- **Data block**:
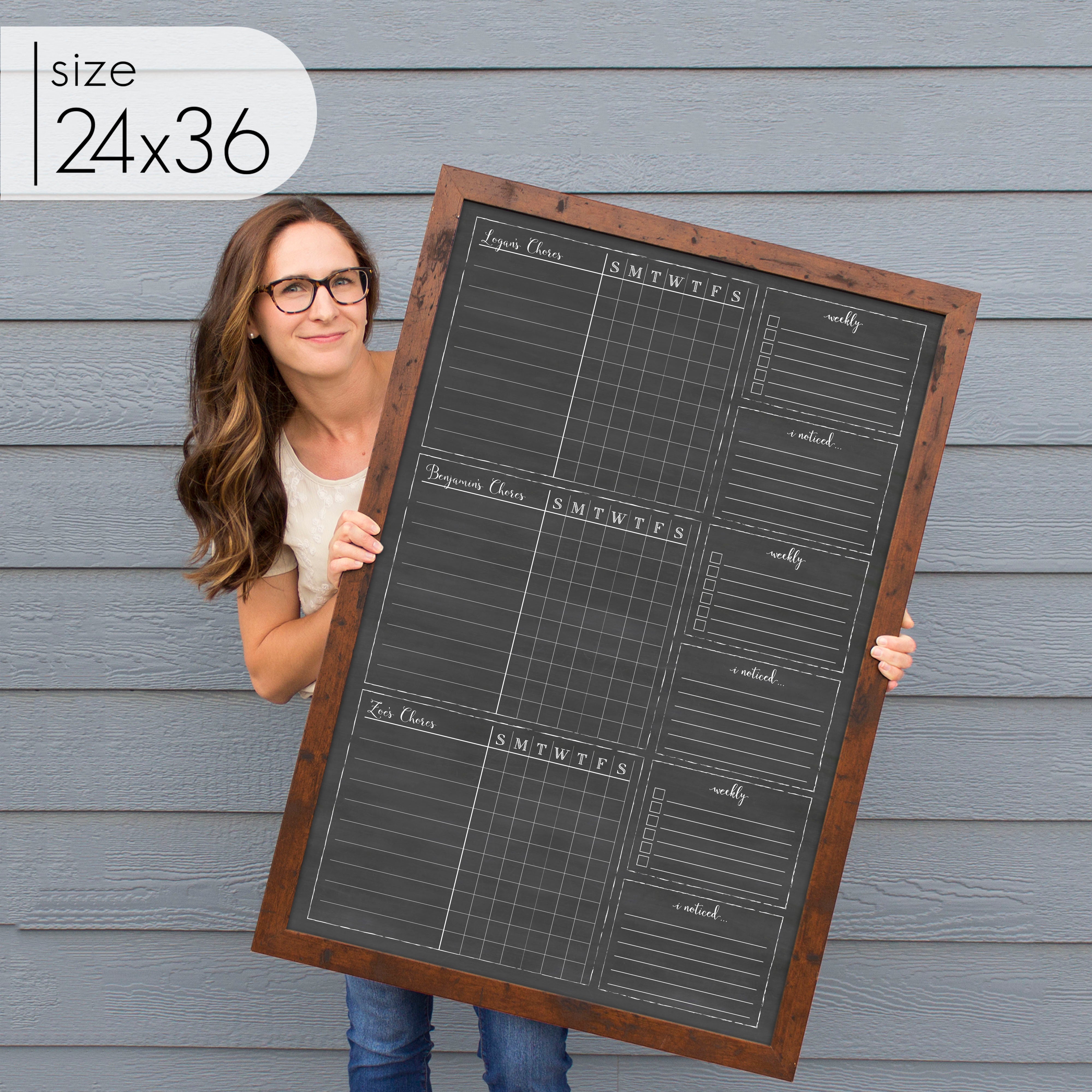 3 Person Framed Chalkboard Chore Chart  | Vertical Knope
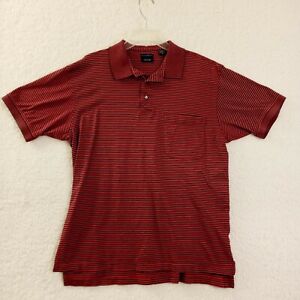 Izod Polo Shirt Mens Medium Red Short Sleeve Double Mercerized
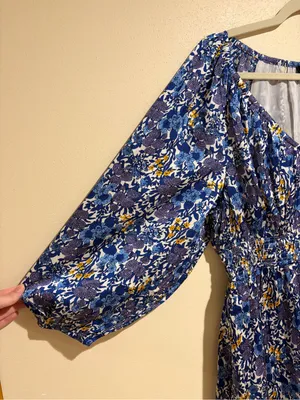 J. Crew V-neck Midi Dress in Fête Floral Print Blue Satin Long Sleeves Medium thumbnail 10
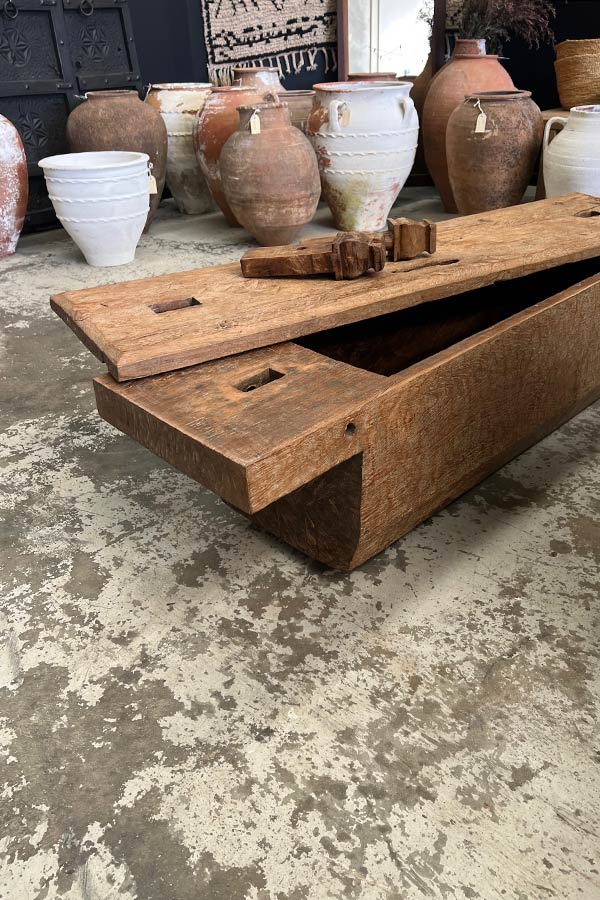 Javanese Antique Bench Seat with Secret Compartment V2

- **What you will do**: Without the pictures, transcribe the listing above exactly.

- **Exercise response**:
 3 Person Framed Chalkboard Chore Chart  | Vertical Knope
 Izod Polo Shirt Mens Medium Red Short Sleeve Double Mercerized
 J. Crew V-neck Midi Dress in Fête Floral Print Blue Satin Long Sleeves Medium thumbnail 10
 Javanese Antique Bench Seat with Secret Compartment V2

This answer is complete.